Continuing my loop, the road’s name changed to Auberry and while I was rolling through the same elevation for a little bit, this area seemed a lot more wooded as I rode.
Off in the distance between the trees and the oversized homes, I could start to see what I was looking for.
Mountains! Snow capped mountains!
On one hand, I really wished I was riding there.
But on the other, it would have been freakin’ cold!
I really wish I could have snapped some pics, but coming down at about 45 mph I think I made the right move keeping my camera in my pocket.
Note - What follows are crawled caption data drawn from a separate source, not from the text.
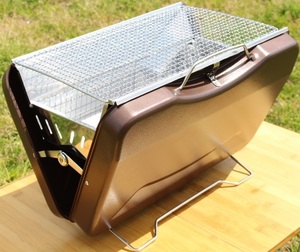 * suitcase type portable barbecue grill *M size *3 person ~6 person for * bag type BBQ portable cooking stove * Brown * camp * outdoor *6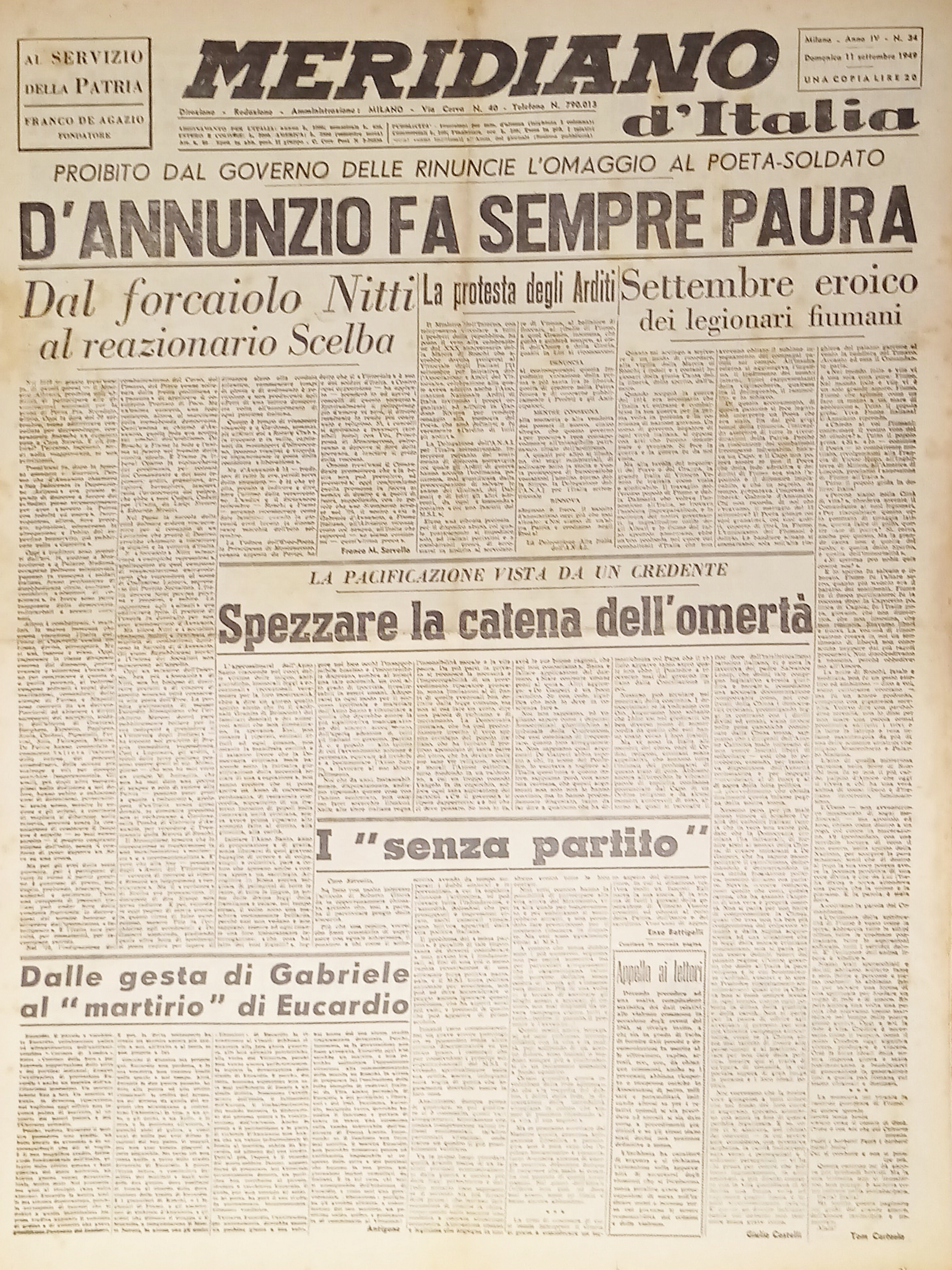 Giornale - Meridiano d'italia N. 34 - 1949 D'Annunzio fa …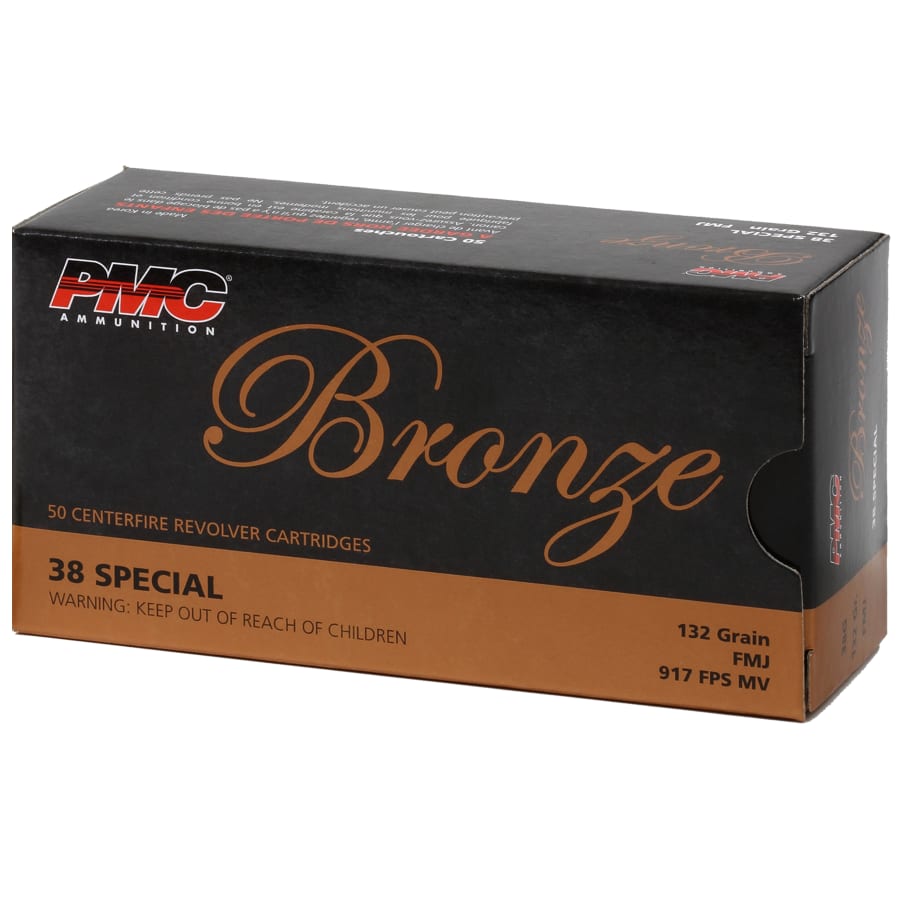 PMC Bronze 38 Spl, 132 gr Full Metal Jacket, 50 rounds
The remarkable thing I have to describe with words is how the landscape features were more solitary as I looked back west as many of the hills stood on their own like a herd making its way across the plain.
Near the bottom, I came up on concurrent signs saying, “Loose Gravel” and “Oily Roads”.
If you believe in the comedy rule of threes, the next one would have said, “Thumbtack Convention”.
I was glad to have the wider tires here, but still….
I cut through a road called SJ and E to head towards Lodge Road and my way back.
It was relatively flat and wide open, but as I neared Sierra High School, there were a few more cars on the road with a few of them not maintaining a friendly passing distance.
After about 55 miles, I finally saw my first cyclist.
We were pretty happy to see each other, but we both had to keep ahead of cars.
It could have been a little more pleasant.
The final few miles were golden as the setting sun glimmered the landscape.
It’s a bit depressing that this is happening at 3:30 in the afternoon, but it makes for some good pictures.
I finished doing 6,500 feet of climbing which felt more like 10,000 on this bike (I won’t stop).
This wasn’t the most epic ride I’ve ever done, but in the wake of such an eventful week, it was the proper antidote to exhale a bit.
I’ll definitely be adding more rides like this when I visit the Bay Area, but I’ll probably wait for a bit more sunlight for the next time.
Everyday I count my blessing that we’re this lucky to have so much riding like this well within our reach in California.